Entonces, el abuelo se ponía muy serio y le decía: «Hija mía, mis nietos nunca
me dan la lata». Luego se volvía hacia nosotros y decía: «Venga. Vamos al
parque».
A
mí me gusta mucho ir al parque con el abuelo porque siempre nos compra algo,
unas chuches o un tebeo o las dos cosas. Además, con él jugamos a lo que
queremos. Nos empuja en el columpio y nos deja trepar por el castillo pirata y
no me riñe si caigo de culo por el tobogán y me mancho los pantalones.
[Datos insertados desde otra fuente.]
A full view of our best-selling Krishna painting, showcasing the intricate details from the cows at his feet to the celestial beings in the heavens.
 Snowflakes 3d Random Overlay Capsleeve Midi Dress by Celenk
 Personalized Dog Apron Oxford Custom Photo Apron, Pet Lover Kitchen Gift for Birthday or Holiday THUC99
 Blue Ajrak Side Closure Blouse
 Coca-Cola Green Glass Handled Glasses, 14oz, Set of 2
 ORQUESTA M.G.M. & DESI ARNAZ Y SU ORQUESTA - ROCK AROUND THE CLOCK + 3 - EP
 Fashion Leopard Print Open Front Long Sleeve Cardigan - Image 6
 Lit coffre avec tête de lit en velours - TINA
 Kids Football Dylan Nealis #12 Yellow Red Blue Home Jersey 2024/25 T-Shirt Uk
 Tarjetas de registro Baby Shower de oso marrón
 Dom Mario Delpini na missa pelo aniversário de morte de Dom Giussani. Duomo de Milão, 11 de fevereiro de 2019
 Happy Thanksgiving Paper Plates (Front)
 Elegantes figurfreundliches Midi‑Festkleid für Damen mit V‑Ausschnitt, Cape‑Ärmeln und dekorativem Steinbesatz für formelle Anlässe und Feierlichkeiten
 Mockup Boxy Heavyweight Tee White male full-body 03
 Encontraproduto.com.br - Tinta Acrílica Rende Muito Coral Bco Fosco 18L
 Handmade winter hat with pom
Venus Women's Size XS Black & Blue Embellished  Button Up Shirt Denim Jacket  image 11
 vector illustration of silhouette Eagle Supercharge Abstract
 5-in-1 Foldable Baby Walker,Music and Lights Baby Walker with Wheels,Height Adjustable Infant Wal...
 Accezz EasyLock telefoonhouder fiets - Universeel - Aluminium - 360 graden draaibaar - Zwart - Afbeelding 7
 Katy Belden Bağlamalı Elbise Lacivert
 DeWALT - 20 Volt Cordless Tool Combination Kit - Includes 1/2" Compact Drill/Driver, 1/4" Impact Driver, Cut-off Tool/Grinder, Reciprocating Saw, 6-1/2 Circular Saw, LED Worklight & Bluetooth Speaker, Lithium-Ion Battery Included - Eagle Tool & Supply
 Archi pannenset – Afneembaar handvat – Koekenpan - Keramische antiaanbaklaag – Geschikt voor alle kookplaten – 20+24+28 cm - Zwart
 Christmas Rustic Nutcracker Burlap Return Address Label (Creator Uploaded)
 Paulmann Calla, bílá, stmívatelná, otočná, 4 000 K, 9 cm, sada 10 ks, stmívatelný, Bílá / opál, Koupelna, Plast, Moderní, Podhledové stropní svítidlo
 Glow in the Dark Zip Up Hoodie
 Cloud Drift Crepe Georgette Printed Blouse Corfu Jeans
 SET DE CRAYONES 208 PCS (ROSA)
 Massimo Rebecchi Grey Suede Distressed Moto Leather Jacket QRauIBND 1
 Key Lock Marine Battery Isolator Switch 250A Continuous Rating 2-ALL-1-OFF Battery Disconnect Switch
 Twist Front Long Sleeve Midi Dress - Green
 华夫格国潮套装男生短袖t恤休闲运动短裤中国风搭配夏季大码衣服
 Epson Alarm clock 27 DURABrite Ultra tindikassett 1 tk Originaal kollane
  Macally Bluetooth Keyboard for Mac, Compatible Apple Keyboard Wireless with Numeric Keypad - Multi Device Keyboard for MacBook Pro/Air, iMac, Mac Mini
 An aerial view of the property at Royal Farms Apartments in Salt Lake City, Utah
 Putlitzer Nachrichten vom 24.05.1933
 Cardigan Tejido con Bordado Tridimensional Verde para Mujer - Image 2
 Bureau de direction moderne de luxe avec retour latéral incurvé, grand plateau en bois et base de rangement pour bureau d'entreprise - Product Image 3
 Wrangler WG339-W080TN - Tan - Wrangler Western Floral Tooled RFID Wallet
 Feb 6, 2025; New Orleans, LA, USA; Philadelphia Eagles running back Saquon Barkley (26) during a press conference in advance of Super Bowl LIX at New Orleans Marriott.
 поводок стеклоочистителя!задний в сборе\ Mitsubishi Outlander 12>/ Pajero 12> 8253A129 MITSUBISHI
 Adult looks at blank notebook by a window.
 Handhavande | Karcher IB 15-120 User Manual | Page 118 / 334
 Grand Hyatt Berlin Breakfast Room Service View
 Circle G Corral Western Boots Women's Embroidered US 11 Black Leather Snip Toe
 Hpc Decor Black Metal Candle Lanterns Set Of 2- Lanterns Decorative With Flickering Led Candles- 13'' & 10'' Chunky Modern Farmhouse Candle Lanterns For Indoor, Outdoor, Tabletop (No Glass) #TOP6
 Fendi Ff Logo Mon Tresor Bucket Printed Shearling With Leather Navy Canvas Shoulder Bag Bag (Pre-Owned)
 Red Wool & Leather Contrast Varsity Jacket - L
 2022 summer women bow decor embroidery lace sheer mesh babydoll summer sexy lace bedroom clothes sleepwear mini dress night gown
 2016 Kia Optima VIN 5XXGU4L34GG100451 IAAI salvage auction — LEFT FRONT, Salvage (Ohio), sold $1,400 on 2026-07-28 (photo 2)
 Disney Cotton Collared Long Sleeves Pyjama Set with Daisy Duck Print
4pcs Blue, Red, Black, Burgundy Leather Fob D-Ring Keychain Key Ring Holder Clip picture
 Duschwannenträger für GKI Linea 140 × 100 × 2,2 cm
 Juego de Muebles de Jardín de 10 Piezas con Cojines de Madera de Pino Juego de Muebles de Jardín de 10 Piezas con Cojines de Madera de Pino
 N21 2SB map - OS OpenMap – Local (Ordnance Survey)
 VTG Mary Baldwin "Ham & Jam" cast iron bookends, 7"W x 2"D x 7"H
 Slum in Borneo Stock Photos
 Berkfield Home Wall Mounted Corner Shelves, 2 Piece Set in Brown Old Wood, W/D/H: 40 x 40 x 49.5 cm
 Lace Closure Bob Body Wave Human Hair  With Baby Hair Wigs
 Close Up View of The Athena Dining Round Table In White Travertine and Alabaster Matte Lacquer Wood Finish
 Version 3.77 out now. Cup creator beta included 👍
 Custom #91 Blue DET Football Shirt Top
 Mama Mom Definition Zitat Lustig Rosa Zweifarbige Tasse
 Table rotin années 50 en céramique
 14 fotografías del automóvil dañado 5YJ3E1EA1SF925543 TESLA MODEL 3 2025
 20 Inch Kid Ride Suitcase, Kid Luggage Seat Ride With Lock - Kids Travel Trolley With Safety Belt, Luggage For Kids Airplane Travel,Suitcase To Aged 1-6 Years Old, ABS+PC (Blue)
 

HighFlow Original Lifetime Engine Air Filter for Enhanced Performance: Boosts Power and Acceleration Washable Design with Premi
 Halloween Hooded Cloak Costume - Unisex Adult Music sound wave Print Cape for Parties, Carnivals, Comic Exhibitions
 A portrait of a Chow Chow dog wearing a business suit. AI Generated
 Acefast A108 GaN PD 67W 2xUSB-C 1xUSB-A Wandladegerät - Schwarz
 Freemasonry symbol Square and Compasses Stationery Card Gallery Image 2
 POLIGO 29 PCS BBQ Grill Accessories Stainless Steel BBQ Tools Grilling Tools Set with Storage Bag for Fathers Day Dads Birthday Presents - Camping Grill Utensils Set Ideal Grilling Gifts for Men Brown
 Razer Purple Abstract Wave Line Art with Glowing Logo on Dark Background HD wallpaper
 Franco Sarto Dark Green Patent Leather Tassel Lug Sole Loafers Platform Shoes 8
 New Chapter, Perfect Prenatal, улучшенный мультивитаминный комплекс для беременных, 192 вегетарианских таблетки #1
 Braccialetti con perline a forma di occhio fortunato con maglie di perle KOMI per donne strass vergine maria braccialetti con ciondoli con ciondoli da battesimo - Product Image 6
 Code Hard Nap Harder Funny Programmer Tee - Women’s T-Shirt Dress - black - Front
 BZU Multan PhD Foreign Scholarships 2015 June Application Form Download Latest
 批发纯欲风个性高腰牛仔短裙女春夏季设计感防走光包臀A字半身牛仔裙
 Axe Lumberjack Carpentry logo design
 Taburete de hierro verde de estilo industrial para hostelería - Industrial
Él nos
mira y nos saluda cuando lo miramos y no se enfada si me acerco para decirle
que me mire cómo sé sostenerme en las paralelas, no como mamá, que cuando nos
lleva al parque se pone a hablar con otra señora y no me hace caso.
Cuando
volvimos a casa mamá se echó las manos a la cabeza y dijo: «Pero, míralos cómo
se han puesto. Si los había cambiado esta mañana» y nos envió a que nos laváramos
para merendar. El abuelo sonrió y le dijo. «Déjalos que disfruten. Tiempo
tendrán para enfrentarse a los problemas de la vida». Yo no sé qué problemas
son esos porque sólo conozco los de las matemáticas, los del mínimo común
múltiplo y todo eso, que son bastante difíciles. Deben de ser cosas de mayores,
pero ya me enteraré cuando sea explorador en África o futbolista.
Ahora
ya me gusta estar en casa de los abuelos. Por eso cuando papá se marchó a
trabajar a Alemania y mamá dijo que pronto podríamos irnos con él, porque allí
ella también encontraría trabajo y la enana y yo iríamos a un buen colegio, yo
le dije que no, que no quiero ir, que a mí me gusta el colegio nuevo, que soy
amigo de Yousef y que me quedo con el abuelo".